Ein Monument an den Hedonismus
Mercedes-AMG G 63
Man muss dieses Auto nicht gut finden. Selbst in einer Welt ohne Klimawandel, Fridays for Future und 1,5-Grad-Ziel gäbe es tausend gute Gründe gegen dieses Auto:
viel zu groß, viel zu laut, teurer als manches Einfamilienhaus auf dem Land …
Allerdings ist der Mercedes-AMG G 63 eines dieser Automobile, die sich jedweder Sinnfrage entziehen. Warum der G-Rex im Jahr 2022 noch existiert? Weil es geht. Und es geht so gut wie nie zuvor: Rekordverkaufszahlen, jahrelange Lieferfristen, Bestellstopp. Will man einen neuen G als Vorführwagen erwerben, muss man mit Aufschlägen auf den Listenpreis von mehreren zehntausend Euro rechnen. Selbst Gebrauchte liegen nach zwei Jahren und dreißig-, vierzigtausend Kilometern deutlich über dem Neupreis. Aber was macht den G Wagon, wie die US-Amerikaner ihn noch immer nennen, zu so einem gefragten Fahrzeug?

Der G ist das ultimative Statussymbol. Lieblingsspielzeug aller Rap-Künstler und Hauptdarsteller in ihren Musikvideos. Beverly-Hills-Cruiser für Schauspieler·innen und Plattenproduzent·innen. Auto der Wahl für Fußballstars und vulgärprominente Mitglieder der Familie Kardashian/Jenner. Wenn du dieses Gefährt siehst, weißt du einfach, dass es obszön viel Geld kostet. Und selbst, wenn du es nicht weißt, kannst du es auf jeden Fall erahnen. Eine Viertelmillion auf dem Bon ist kein Problem und mit dem bald erhältlichen limitierten G 63 4×4² steht beim Preis auch locker eine Drei vorn. Selbst als Diesel startet die G-Klasse immer sechsstellig.
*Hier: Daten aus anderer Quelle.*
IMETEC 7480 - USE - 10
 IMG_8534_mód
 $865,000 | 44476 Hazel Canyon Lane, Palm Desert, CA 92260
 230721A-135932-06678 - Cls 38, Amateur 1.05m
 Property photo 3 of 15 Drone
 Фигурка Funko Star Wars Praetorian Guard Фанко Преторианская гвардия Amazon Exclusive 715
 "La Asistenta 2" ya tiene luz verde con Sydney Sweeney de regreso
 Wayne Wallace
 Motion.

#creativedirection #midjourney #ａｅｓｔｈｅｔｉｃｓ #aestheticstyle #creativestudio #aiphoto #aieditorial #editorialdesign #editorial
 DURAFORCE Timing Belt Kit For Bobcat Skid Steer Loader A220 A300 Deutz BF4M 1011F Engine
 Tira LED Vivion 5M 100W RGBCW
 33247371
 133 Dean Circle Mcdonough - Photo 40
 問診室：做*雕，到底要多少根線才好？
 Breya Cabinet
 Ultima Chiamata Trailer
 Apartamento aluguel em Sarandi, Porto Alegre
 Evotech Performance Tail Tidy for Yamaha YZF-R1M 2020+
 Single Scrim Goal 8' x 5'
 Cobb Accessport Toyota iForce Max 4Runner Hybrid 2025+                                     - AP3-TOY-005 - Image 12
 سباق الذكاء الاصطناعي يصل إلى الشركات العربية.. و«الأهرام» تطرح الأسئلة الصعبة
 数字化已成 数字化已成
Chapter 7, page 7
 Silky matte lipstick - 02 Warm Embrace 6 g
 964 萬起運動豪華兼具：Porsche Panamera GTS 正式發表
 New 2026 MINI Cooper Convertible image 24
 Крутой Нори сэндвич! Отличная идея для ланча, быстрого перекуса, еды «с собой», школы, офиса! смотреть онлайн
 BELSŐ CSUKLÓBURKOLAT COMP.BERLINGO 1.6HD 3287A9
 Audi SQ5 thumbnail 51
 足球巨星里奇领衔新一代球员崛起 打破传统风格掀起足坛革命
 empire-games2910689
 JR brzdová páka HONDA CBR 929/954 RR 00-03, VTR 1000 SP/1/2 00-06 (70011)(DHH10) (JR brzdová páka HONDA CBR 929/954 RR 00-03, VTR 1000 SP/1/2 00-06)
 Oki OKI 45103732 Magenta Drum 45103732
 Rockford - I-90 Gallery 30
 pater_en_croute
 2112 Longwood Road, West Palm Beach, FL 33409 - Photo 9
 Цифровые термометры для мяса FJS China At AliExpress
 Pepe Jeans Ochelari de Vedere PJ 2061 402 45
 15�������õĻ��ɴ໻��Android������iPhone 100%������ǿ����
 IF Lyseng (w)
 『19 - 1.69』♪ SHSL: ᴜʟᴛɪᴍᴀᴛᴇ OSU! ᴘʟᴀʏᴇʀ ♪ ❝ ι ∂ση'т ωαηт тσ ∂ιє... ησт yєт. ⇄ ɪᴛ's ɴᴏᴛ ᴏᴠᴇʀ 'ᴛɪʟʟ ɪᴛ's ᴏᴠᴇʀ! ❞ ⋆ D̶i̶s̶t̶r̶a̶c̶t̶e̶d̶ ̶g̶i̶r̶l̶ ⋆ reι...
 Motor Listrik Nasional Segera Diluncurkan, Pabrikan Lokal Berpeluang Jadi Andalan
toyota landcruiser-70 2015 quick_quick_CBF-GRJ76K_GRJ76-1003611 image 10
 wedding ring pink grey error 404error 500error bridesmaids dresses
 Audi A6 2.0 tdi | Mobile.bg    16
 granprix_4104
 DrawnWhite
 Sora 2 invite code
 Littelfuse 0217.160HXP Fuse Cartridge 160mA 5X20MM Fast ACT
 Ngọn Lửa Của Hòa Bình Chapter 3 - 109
Warum der G-Rex im Jahr 2022 noch existiert?
Weil es geht. Und es geht so gut wie nie zuvor.
Für dein Geld bekommst du allerdings auch einiges geboten. Es gibt wohl kein Auto bei der Marke mit dem Stern, das so mannigfaltige Optionen für individuelle Ausstattungen bietet. Die Auswahl an Lackfarben ist riesig und von wüstensand uni bis kupferorange magno wahnsinnig vielfältig. Für das green hell magno genannte Mattgrün an unserem G 63 legst du aber halt auch siebeneinhalb Riesen extra auf den Tisch. Für ca. 5000 Euro bekommst du 22 Zoll große Schmiederäder im AMG-Monoblock-Design der 90er. Und wenn du dann noch das Superior-Line-Interieur nimmst, das beim G 63 statt 18.000 immerhin nur gut 8000 Euro kostet, hast du Mercedes-Benz allein für Anstrich, Polster und Alufelgen schon den Preis eines fabrikneuen VW Golf überwiesen. Wow. Uni-Rot mit blauen Sitzen kann man theoretisch auch bestellen, wenn man das denn möchte, und dann (zumindest bei den Nicht-AMG-Versionen) das Ensemble ab Werk auch noch mit Offroad-Extras wie All-Terrain-Reifen und vergitterten Leuchten ausstatten. Bei der G-Klasse geht echt viel.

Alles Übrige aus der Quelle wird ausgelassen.